Differentiated Case Tracking Program (DCTP)


Overview

Fairfax Circuit Court Civil Case Management

Justice Delayed is Justice Denied.
A fair and speedy trial in civil cases advances justice.

Executive Summary of DCTP
In the Fairfax Circuit Court our goal is to afford every litigant access to the courts to resolve their dispute by trial or settlement fairly and efficiently. The principal result of the implementation of DCTP is to give the court complete control of the pace of litigation. Once a case is filed the court schedules a firm trial date and directs the attorneys to focus their preparation in a way to conclude the case within one year of the date of filing of response to the suit. The court sets deadlines for preparing the case, conducting discovery, motions, settlement conferences and trial. The court assists the attorney in time planning and preparation by incorporating certainty into caseflow.

Prior to the program, only 50 percent of civil cases filed were disposed of within one year. Now 78 percent of all law cases are completed in a year. Under this program, the parties and lawyers know that the case will be tried on the date it is set for trial.
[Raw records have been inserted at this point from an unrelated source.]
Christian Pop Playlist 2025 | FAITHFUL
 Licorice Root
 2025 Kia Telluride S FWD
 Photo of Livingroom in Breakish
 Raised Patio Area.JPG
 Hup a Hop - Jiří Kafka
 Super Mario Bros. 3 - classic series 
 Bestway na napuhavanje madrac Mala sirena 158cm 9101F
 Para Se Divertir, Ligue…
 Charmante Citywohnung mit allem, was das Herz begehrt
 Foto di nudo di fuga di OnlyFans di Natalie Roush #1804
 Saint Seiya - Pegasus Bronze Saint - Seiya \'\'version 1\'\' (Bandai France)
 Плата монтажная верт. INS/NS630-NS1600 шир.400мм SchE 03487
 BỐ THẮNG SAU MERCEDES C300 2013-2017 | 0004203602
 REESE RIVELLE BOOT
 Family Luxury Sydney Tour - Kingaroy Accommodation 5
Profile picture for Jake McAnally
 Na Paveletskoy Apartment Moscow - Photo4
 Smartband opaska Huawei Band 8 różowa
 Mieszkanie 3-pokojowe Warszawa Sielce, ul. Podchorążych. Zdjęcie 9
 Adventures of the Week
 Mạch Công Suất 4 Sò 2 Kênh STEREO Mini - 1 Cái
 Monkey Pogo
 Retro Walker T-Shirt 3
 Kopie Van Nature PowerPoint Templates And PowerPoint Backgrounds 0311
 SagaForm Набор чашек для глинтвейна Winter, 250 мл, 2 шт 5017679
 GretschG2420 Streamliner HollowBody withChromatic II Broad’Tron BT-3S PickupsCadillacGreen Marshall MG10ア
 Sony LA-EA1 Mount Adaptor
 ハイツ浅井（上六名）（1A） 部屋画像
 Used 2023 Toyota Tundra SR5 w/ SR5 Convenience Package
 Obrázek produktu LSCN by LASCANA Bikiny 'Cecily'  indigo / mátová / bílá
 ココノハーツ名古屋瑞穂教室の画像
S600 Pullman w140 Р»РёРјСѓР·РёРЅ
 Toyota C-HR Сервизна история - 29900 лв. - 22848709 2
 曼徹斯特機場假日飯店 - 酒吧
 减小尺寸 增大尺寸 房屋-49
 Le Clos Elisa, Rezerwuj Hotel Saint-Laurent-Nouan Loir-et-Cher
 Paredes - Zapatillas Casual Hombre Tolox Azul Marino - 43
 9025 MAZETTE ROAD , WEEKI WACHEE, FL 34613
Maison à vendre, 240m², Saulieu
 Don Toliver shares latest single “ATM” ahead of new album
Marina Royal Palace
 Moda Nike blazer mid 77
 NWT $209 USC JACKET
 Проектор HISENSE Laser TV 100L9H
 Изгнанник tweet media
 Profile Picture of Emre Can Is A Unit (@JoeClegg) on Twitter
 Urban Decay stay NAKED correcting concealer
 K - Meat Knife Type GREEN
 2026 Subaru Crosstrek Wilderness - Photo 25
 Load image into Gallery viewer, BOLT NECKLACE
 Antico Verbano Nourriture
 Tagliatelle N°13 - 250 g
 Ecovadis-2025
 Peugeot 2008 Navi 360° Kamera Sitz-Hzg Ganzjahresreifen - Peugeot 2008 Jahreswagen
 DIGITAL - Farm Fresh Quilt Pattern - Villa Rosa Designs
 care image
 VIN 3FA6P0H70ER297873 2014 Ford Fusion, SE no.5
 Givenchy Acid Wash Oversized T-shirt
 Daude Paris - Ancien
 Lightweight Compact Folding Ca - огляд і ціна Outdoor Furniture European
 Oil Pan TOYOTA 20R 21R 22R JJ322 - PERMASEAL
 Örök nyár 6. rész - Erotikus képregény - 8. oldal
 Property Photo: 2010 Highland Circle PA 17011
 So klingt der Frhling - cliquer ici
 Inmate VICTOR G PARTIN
Prior to trial the court will assist the parties in reaching a settlement in proper cases.

Differentiated Case Tracking Program
In response to an increasing caseload and a mounting backlog of civil cases, the Fairfax Circuit Court, serving a population of 838,000, devised an innovative Differentiated Case Tracking Program (DCTP) to schedule cases according to individualized timelines established by the court, not by litigants and attorneys which was previously the norm.

DCTP drew upon research that suggested early classification and court control of the docket moves court cases quickly through the judicial system. The program monitors civil cases, and schedules an individualized series of scheduling conferences, settlement conferences, and Neutral Case Evaluations (NCEs) based on case complexity.

Before the implementation of DCTP, the court responded to caseload increases by hiring more judges. Each civil case was treated alike. Simple cases were scheduled for trial much later than necessary, and more complex cases were subject to repeated continuances. From 1986-1989, the court's civil caseload increased so rapidly that it became clear more judges were not the answer.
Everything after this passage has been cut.